- [Problem]:
Begin at the line with "2pcs Strawberry Daisy" and set down each line exactly until the listing ends. Images stay out.

- [Data supplied]:
________

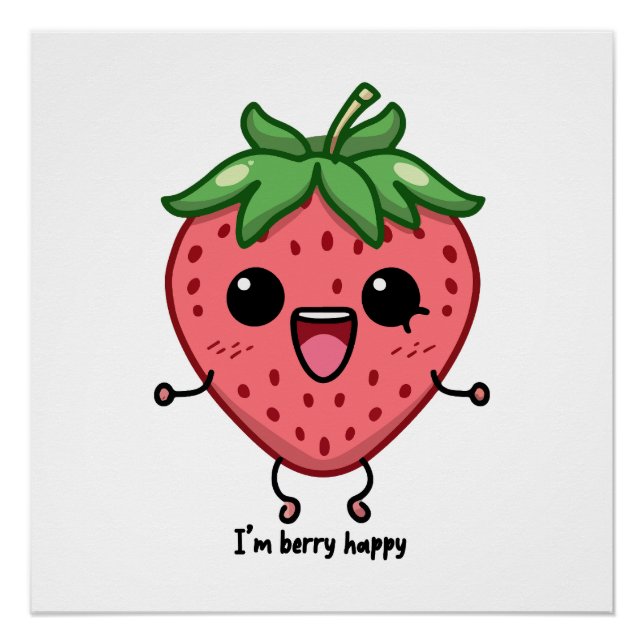 Póster Eu sou Berry Happy, fofinha, saltando morango kawa (Frente)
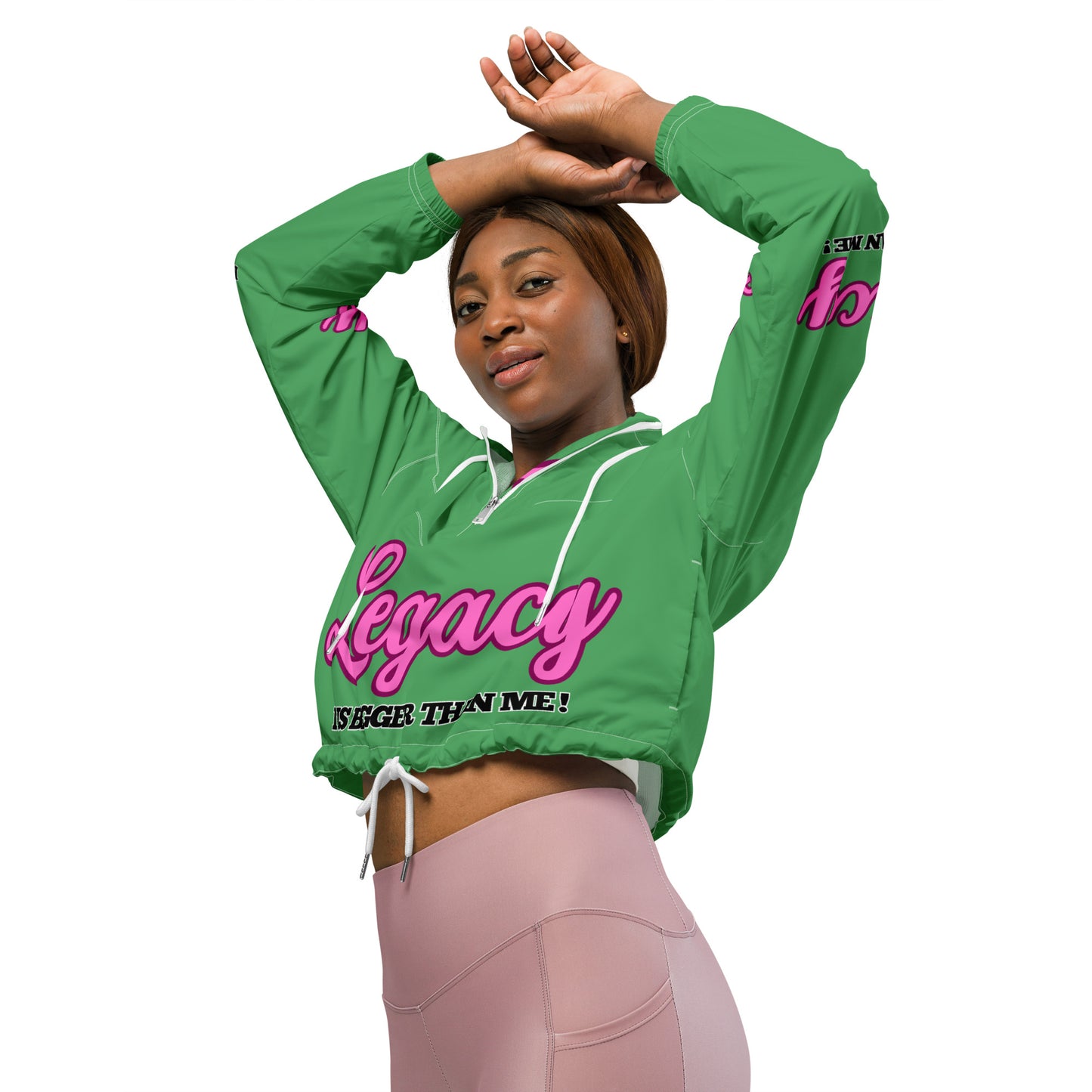 Women’s Cropped Windbreaker-LEGACY "It Is Bigger Than Me!" (PINK ON GREEN)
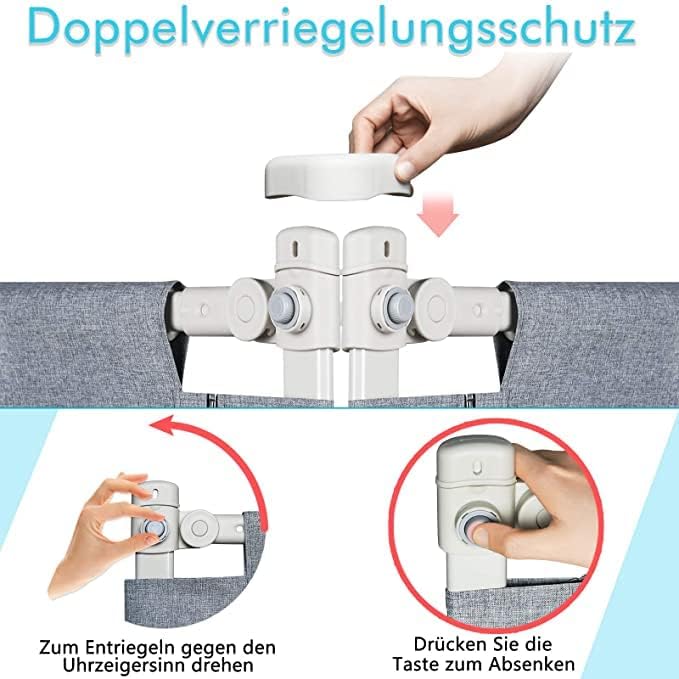 Aufun Kinderbettgitter, Bettschutzgitter mit vertikaler Hebe und Fallschutzfunktion, Bettgitter mit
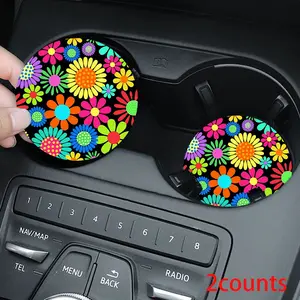2pcs Strawberry Daisy Car Cup Holder Coasters, EVA Material, Non-Slip Vehicle Drink Insert Coasters, Universal Fit Accessories for Car, Truck, SUV Interior & Office Desk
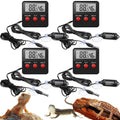 Weewooday 4 Pcs Digital Reptile Thermometer Hygrometer Gauge with Probes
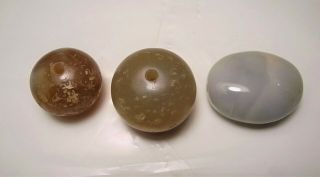 Ancient Near Eastern Egyptian Group Of Agate Beads,  I - Ii Mil.  B.  C.  3cm Largest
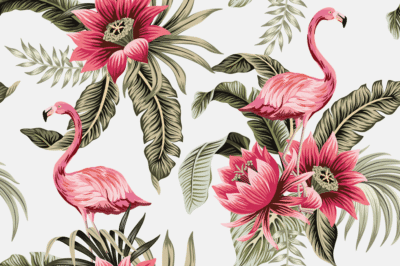 Pink proteas and flamingos with palms  wallpaper and wall murals shop in South Africa. Wallpaper and wall mural online store with a huge range for sale. 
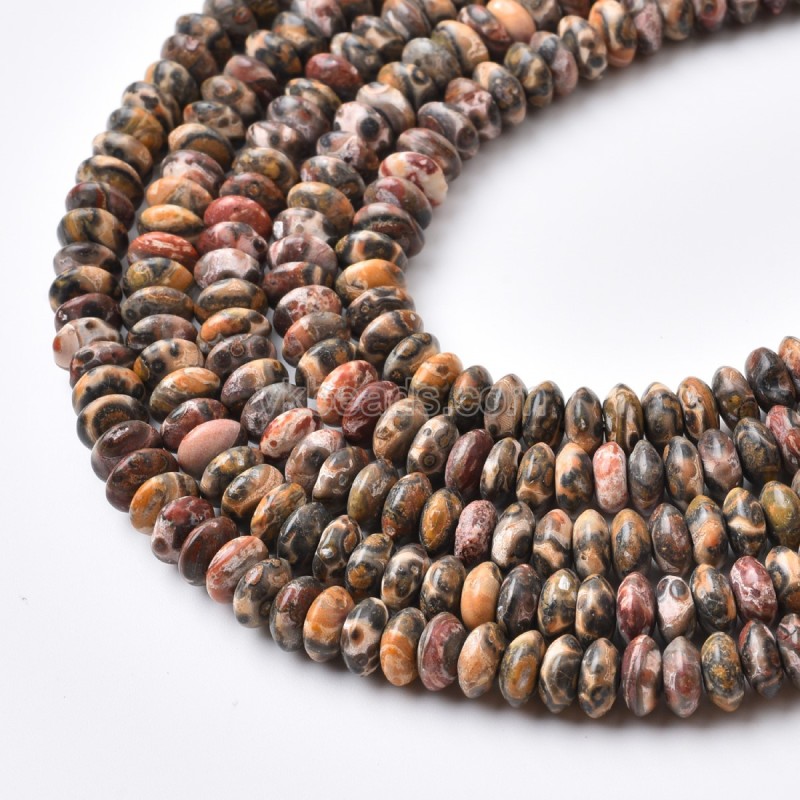Red Leopardskin Jasper Smooth Saucer Beads Strands, Approx 3x6mm, 38cm/strand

________

- [Reply]:
2pcs Strawberry Daisy Car Cup Holder Coasters, EVA Material, Non-Slip Vehicle Drink Insert Coasters, Universal Fit Accessories for Car, Truck, SUV Interior & Office Desk
 Weewooday 4 Pcs Digital Reptile Thermometer Hygrometer Gauge with Probes
 Ancient Near Eastern Egyptian Group Of Agate Beads,  I - Ii Mil.  B.  C.  3cm Largest
 Pink proteas and flamingos with palms  wallpaper and wall murals shop in South Africa. Wallpaper and wall mural online store with a huge range for sale. 
Red Leopardskin Jasper Smooth Saucer Beads Strands, Approx 3x6mm, 38cm/strand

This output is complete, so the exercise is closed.